Cahit Zarifoğlu´nun çocuk yazarlığı, psikolojik ve psikanalitik derinlik açısından yorumlandığında çocuğa yönelişi farklı düzlemlerde açıklanabilir. Ancak onun çocuk yazarlığının belirleyici göstergesi çocuk bakışıdır. Hangi yaşta olursa olsun her insanı çocuk kabul edebilen bir çocuk bakışına sahip olması, çocuk yazarlığının asıl eksenini oluşturur. Çocuk kitaplarında kullandığı iç sezgi, hayal gücünü bir çocuk dürbününe dönüştürür. Aktüel fantastik çocuk kitapları ve kısa sanat masallarının hemen hepsinde egemen olan psikolojik ve sinematografik anlatımı bu çocuk dürbünü ile sağlar. Çocuk kitaplarını okurken onların muhayyilenizde canlanması ve size sinema duygusu vermesinin nedeni de budur…
Sunuş
Yetişkinlerin Çocuk Yazarı Olmak
Bir yazarın çocuk yazarı olup olmadığına kim karar vermelidir? Yazarın kendisi mi eleştirmenler mi çocuk veya yetişkin okur mu? Yazarın kendini nasıl tanımladığından çok, aslolan eseridir. Eserin bütününden ve anlatımın tonundan, çocuk-yetişkin dil dizgesine göre mi, çocuk-yetişkin bakışına göre mi yazılıp yazılmadığını öğrenebiliriz. Ancak, yazarın pandora kutusunda kendine sakladığı, eseri ile arasındaki gizli sözleşmenin önemli hattâ belirleyici olduğu da unutulmamalıdır.
Yazar ya da sanatçı bu gizli sözleşmeye neden gerek duyar? Kuşkusuz eserin büyüsü sürsün, zamana karşı dirensin ister. Böylece de iddiasını sürdürmüş olur. Çünkü her yazar-sanatçı metnin-eserin kolay keşfedilmediğini bilir.
Ya kitapla birlikte pandoralarını hemen açıveren yazarlara ne demeli? Hemen ilk sayfada hem eseri hem de kendilerini ifşa etmeleri biraz garip değil mi! Anlaşılmaktan korktukları için mi yaparlar bu açıklamaları? Yoksa daha okuma eşiğinin başında okura tuzak mı kurarlar? Gerçekten hangisi doğru!

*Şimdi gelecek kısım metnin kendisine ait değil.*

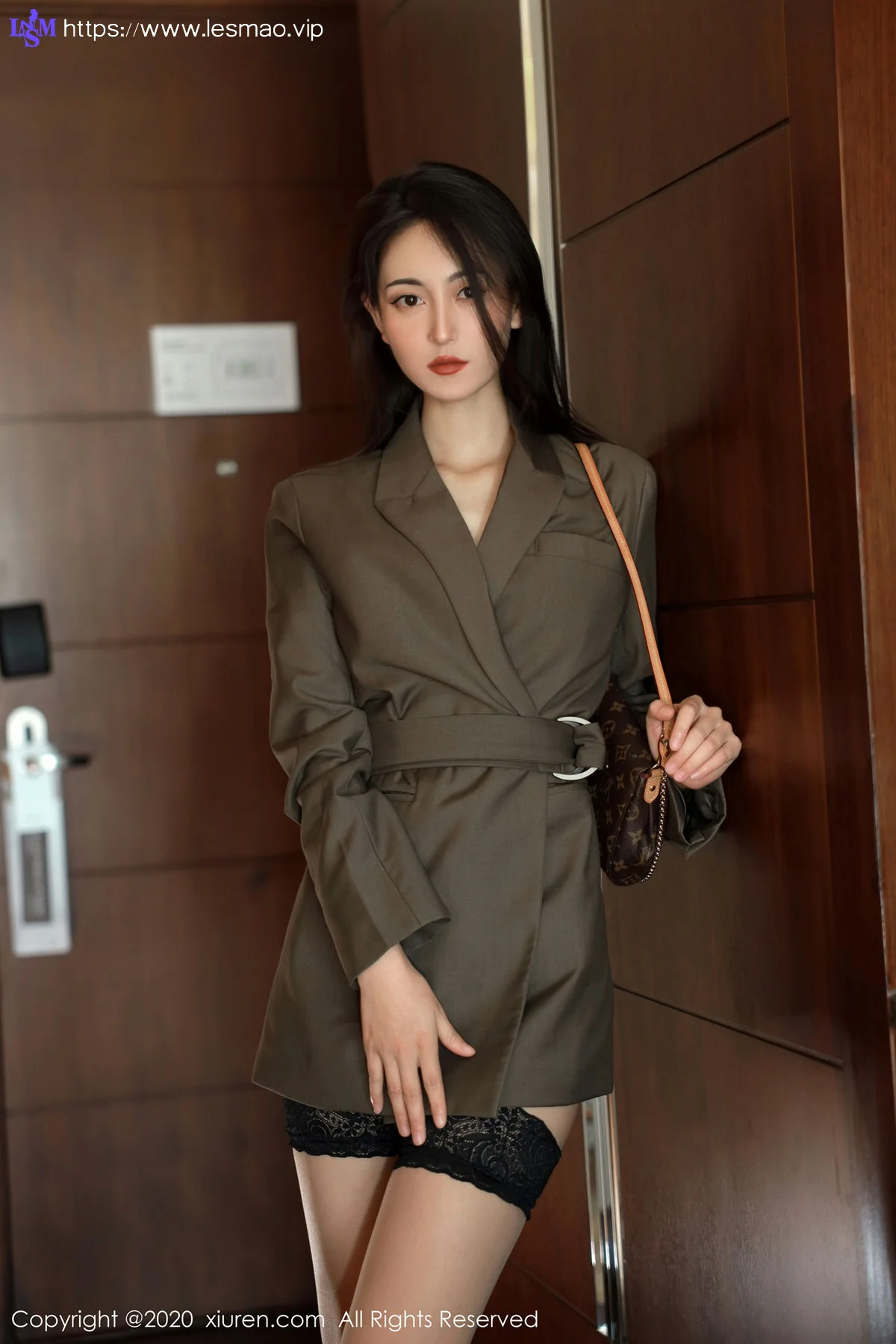 XiuRen 秀人 No.2258 气质美女制服 程慧娴Phoebe - 1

Cahit Zarifoğlu, şiir pandorası değil ama çocuk kitapları pandorası açık bir yazar. Yukarıdaki soruları onun için de sorabiliriz. Pandorasını okura açarak, eseri ile arasındaki o gizli sözleşmeyi açıklayan A. de Saint Exupery ile Cahit Zarifoğlu’nun çocuk yazarlığı arasında benzerlikler bulmak mümkün.

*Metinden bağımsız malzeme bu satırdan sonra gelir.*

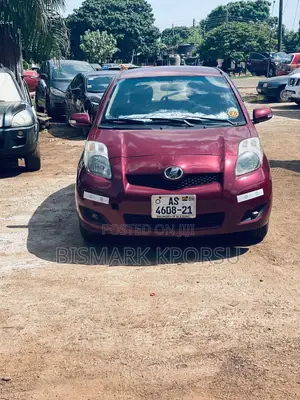 Toyota Vitz 1.0 FWD 3dr 2010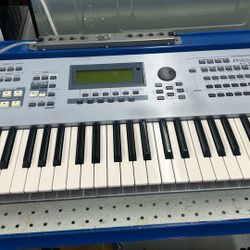 Yamaha Keyboard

Küçük Prens’in yazarı Antoine de Saint Exupery. kitabın başında adeta bir çocuk-yetişkin oyunu oynar: “Bu kitabı kocaman bir adama adadığım için çocuklardan beni bağışlamalarını istiyorum. Önemli bir özürüm var; bu koca adam, benim yeryüzündeki en iyi dostumdur. Bir başka özürüm de var; bu koca adam her şeyi anlayabilir, çocuklar için yazılmış kitapları bile. Üçüncü bir özürüm daha var; bu koca adam Fransa’da yaşıyor, hem aç, hem üşüyor. Enikonu ihtiyacı var avutulmaya. Bütün bu özürler yetmezse, ben de bu kitabı gönül rahatlığıyla o koca adamın çocukluğuna adarım. Bütün büyük insanlar eskiden çocuktular. (Ama pek azı anımsar çocukluğunu.) Öyleyse adak yazımı düzelteyim: ” Bu yüzden de ithaf yazısını şöyle düzeltir: “Çocukluk Günlerimin Lion Werth’i için A. de Saint Exupery; kitabı yazarken kendi çocukluğu ile yüzleştiğini itiraf etmesi okur için ne anlama gelmektedir? Yazar bu tutumu ile yetişkin okurun da kitaba başlamadan çocukluğu ile yüzleşmesini ister gibidir. Bunun anlamı ise şu: Küçük Prens, çocuk bakışına göre, ancak yetişkin dil dizgesine göre yazılmış bir kitap. O halde yazar, kitabı ithaf ettiği “koca adam” Lion Werth’in, çocuklar için yazılmış kitapları bile anlayabileceğini niçin açıklamak istemiştir? Burada yazar eseri ile okurun ikinci defa yüzleşmesini istiyor. Okurun yüzleşmesini istediği ikinci yüzleşme ise eseri ile arasındaki gizli sözleşmedir. Yazar bunu tam olarak açıklamaktan kaçınsa da okurun ulaşabileceğinden kuşku duyduğu için bu şifreleri açıklama ihtiyacı hissetmiş olabilir.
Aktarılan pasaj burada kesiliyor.